Most of the inferences about the dynamics of extraterrestrial lava flows have been obtained through the interpretation of flow morphologies using terrestrial analogs, fluid models, and laboratory comparisons to constrain lava viscosity, temperature, and effusion rate. Even magma chamber and vent dimensions have been inferred from surface flow features. To date, however, morphological studies of terrestrial lava flows have predominantly focused on a single feature or on a limited subset of terrestrial flows and have employed a wide variety of methodologies. This project is an attempt to standardize this type of analysis through the creation of a terrestrial ‘lava morphology database’ (LAMDA). Once calibrated on sufficient terrestrial flows, this database will be a useful resource to the larger planetary volcanism community and increase the veracity of future interpretations based on lava flow morphology.

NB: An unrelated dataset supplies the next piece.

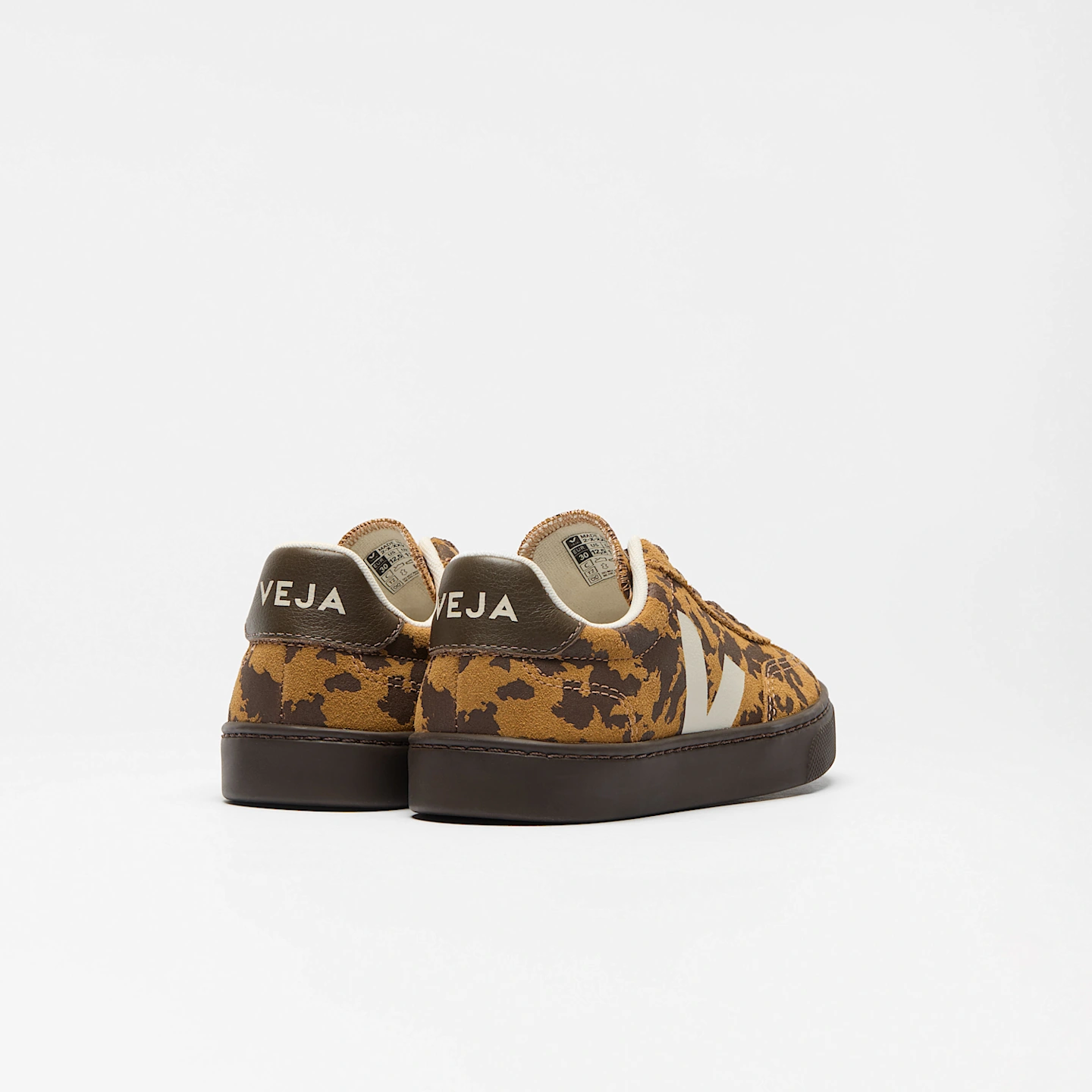 VEJA | VOLLEY ELASTIC LACES SUEDE CAMEL WILD COUNTRY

To that end, we have been measuring features visible in remotely sensed data using GIS to cross compare multiple datasets. Where visible, features measured include: vent diameter, flow distance (vent to furthest margin), surface area, aspect ratio, the radius of margin lobation curvature, height, and arc-length, flow surface ridging wavelength, local slope, etc. LAMDA’s underlying goal is to further studies that have worked to quantify the impact of slope, rheology, and effusion rate on final emplacement morphology. Proof of concept work on nine lava flows spanning the compositional range from basaltic (50% SiO₂) to rhyolitic (72% SiO₂) confirm the Wadge and Lopes (Bul. Volc, 1991) results showing that lobation size, height, and spatial density are related to each other and to flow composition through yield strength. This initial analysis also showed that flow margin lobes appeared to naturally group into a three-level hierarchy of lobation sizes (I - ~1000m, II - ~200-300m, III - ~20-70m) with only mafic compositions resulting in lobation at all levels. We will present results of the second phase of this study, a calibration dataset of 80 additional lava flows at 36 terrestrial volcanoes of similarly varied composition, as well as the results of a second field expedition to quantify LAMDA’s error margins.